Without seeing the complete network I can’t tell. However, a number of things can be different between batch size 1 and batch size 2. E.g., tensors that are contiguous with batch size 1 might not be with larger batch size.

So your saying that perhaps the size of the tensor may be too large to fit into a single memory “block”? (i dont know much about how memory is allocated), and thus takes up more memory than originally thought?

Any chance you could look at the network to see? I have it linked here: https://github.com/penguinshin/capsule-net/blob/master/capsule.py

What I mean by “being contiguous” is that the values in the tensor lies in a contiguous chunk of memory according to the the order of dimensions (so first dim has largest stride, and last dim has stride 1, etc.). E.g., torch.randn(1,5).t() is still contiguous, but torch.randn(2,5).t() is not.

I suggest just writing it with vectorized operations. Your current code will be very slow anyways.

Thanks, I will definitely write with vectorized operations I just wanted to know why it exploded so that I don’t make that mistake in the future.

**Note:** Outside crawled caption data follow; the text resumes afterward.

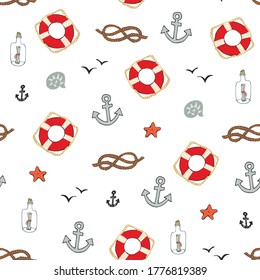 Sea objects: anchor, bird, seashell, starfish, life byou, knot vector hand drawn seamless pattern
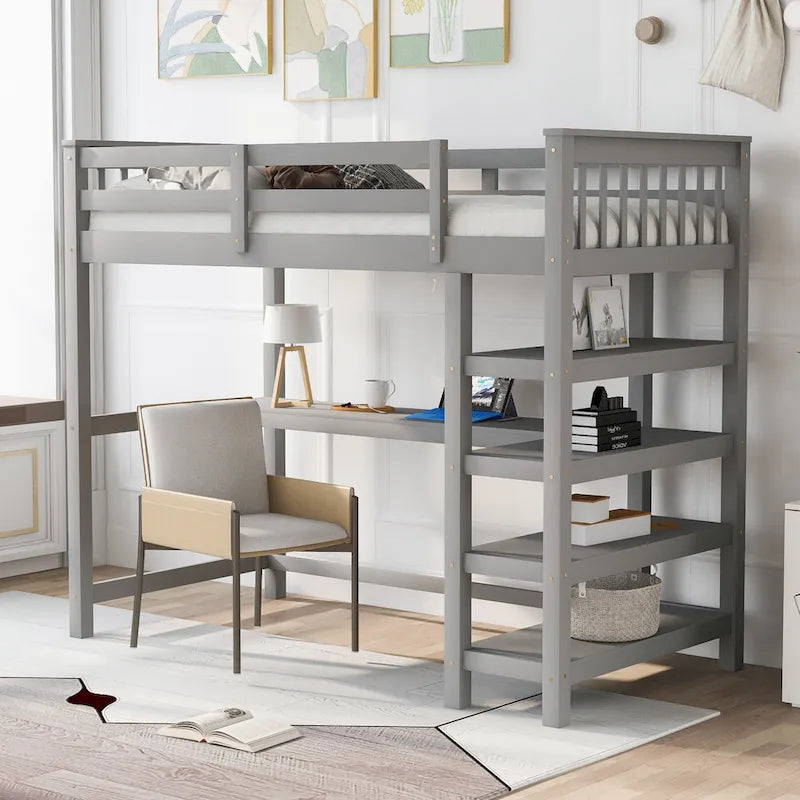 Cama alta individual de madera maciza con escritorio y estantes integrados | Acabado de madera natural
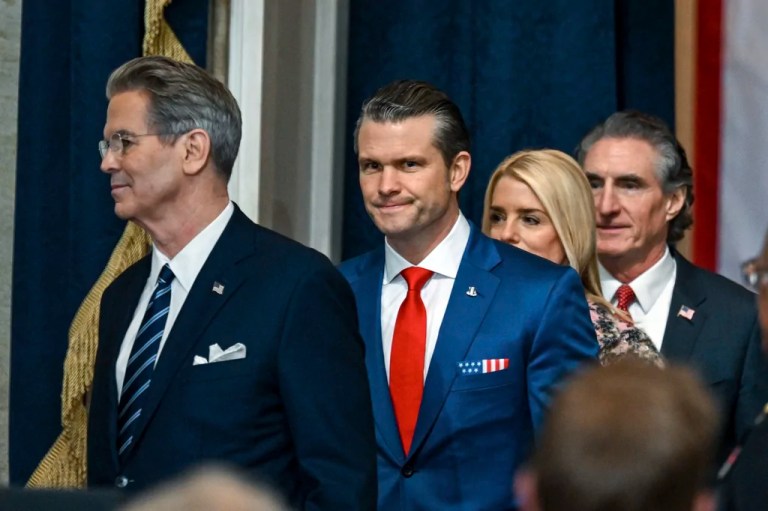 Defense secretary nominee Pete Hegseth, from second left, attorney general nominee Pam Bondi, and former North Dakota Gov. Doug Burgum,secretary of the interior nominee, arrive before the 60th presidential inauguration in the Capitol Rotunda in Washington, Monday, Jan. 20, 2025.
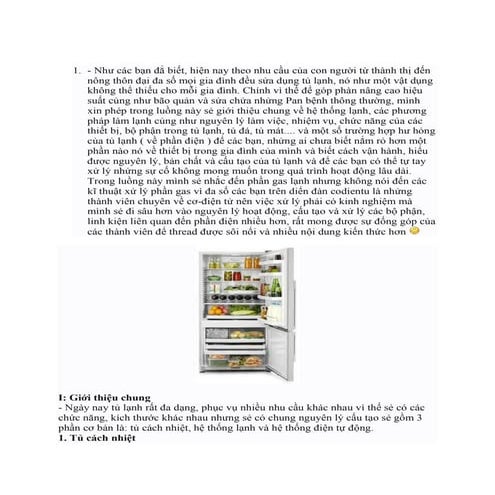 Cơ bản về tủ lạnh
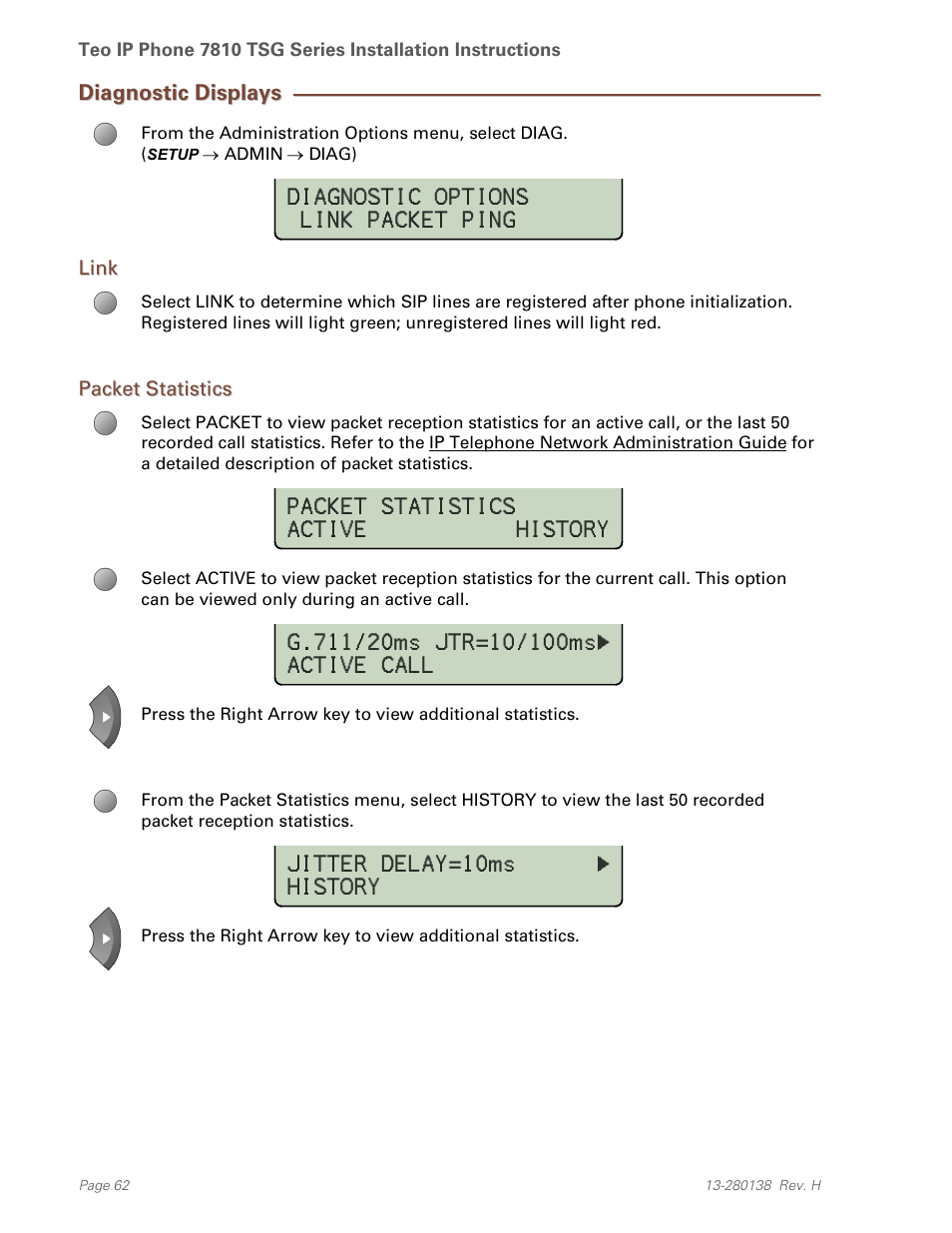 Diagnostic displays, Link, Packet statistics | Teo IP Phone 7810-TSG Installation User Manual | Page 62 / 84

So, are you implying that torch.randn(2,5).t() is not contiguous but torch.randn(5,2) would be because of transpose()? Sorry, is there a reference on the nuances of autograd and contiguity? Also, for what its worth, I printed the value of x.is_contiguous() for the input as it went through the network and it says True for each step.

yes.

I’m not saying that the issue is contiguity. I’m listing an example how things can be different with different batch size :slight_smile:

Ah ok. Thank you Simon for your help. I really do appreciate it! If I wanted to figure out exactly why the batch size messes up the backward pass, how would I debug this? I can’t just use print statements on the forward pass right? Would it involve hooks?

You can, but I’d suggest just writing better code. DL frameworks, including PyTorch, aren’t designed for nested for loops. You probably will need to change it anyways.